As described above, courts have applied the mental process privilege to prevent quasi-judicial officers from involuntarily testifying. See Gary W., 861 F.2d at 1369 (finding the deposition of a special master was improper to the extent the discovery sought information about the special master's process when performing a quasi-judicial function). Furthermore, boards of adjustment are quasi-judicial bodies. City of Lufkin v. McVicker, 510 S.W.2d 141, 144 (Tex. Civ. App.—Beaumont 1973, writ ref'd n.r.e.) (citing Washington v. City of Dall., 159 S.W.2d 579, 581 (Tex. Civ. App.—Dallas 1942, no writ); City of Dall. v. Halbert, 246 S.W.2d 686, 691 (Tex. Civ. App.—Dallas 1952, writ ref'd n.r.e.); 8A MCQUILLIN, MUNICIPAL CORPORATIONS § 25:304 (1965 Rev. Vol.)). Because the BOA Members were serving as quasi-judicial officers when they denied Elevated's request for accommodation, the mental process privilege applies here. Gary W., 861 F.2d at 1369. Thus, provided that the qualified privilege is not overcome, the BOA Members cannot be compelled to testify as to their mental processes in reaching their decision to deny the accommodation to Defendants. Id.

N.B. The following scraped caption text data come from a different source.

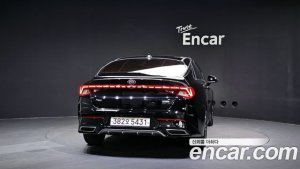 Kia K5 Signature 2020 года из Южной Кореи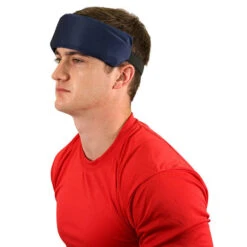 Relief Pak Cold N' Hot Elastomer Wrap -Fitness Store relief pak cold n hot elastomer pack head wrap model 1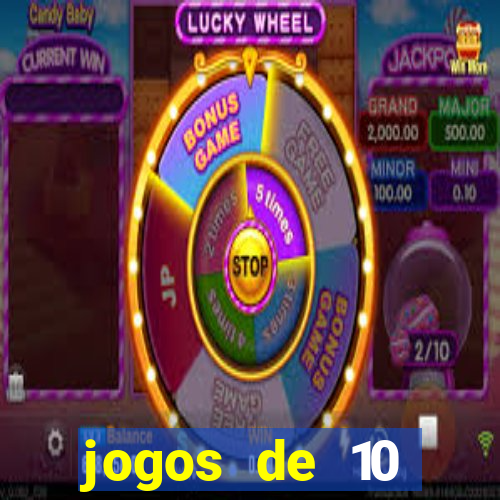 jogos de 10 centavos na blaze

IV. Deposition of the BOA Representative

Defendants also seek a protective order on various deposition topics provided for the BOA Representative, arguing that those topics seek the BOA Members' subjective understanding of the law (Dkt. #41). The challenged topics include: Topics A(1)-(4); B-D; E(1), (3)(a), (3)(c)-(g), (4), (9); F(1)-(3), (5), (7); and G (Dkt. #41).

The Court finds that Topics A-E and G are not covered by the deliberative or mental process privileges. When a party seeks to ask a deponent questions concerning "how an individual public official interprets the laws which govern his decision-making process" rather than the "information on the thoughts and discussions" leading to a decision, that line of questioning is not protected by the deliberative or mental process privileges. See Lake Cty. Bd. of Comm'rs, 233 F.R.D. at 528.

Here, Plaintiffs seek to depose the BOA Representative on the BOA's knowledge and understanding of the Plano Zoning Code, the enactment, administration, and enforcement of Plano Ordinances 2004-9-18, 2006-4-24, 2006-6-9, 2015-06, the FHA, and the ADA (Dkt. #41, Exhibit 3). These topics concern the BOA's interpretation of the laws that govern its decision-making process. These lines of questioning—Topics A-E and G—are thus not protected by the deliberative or mental process privileges.

Defendants, citing no case law, also complain that Topic G—regarding the BOA's understanding of the FHA and ADA—asks for lay persons to make legal conclusions. But, the "inquiry into the deponents' understanding of the laws governing their work does not improperly seek legal opinions from nonlawyers. Rather, these interpretations are one way in which a party may establish [Defendants'] intent by circumstantial evidence." Id. (citing Stewart B. McKinney Found., Inc. v. Town Plan & Zoning Comm'n, 790 F. Supp. 1197, 1212-13 (D. Conn. 1992) (finding that "the Commission's interpretation of the Regulations was unreasonable and, therefore, the Commission's stated reasons for its decision were pretextual"). Therefore, Plaintiffs are entitled to make this inquiry.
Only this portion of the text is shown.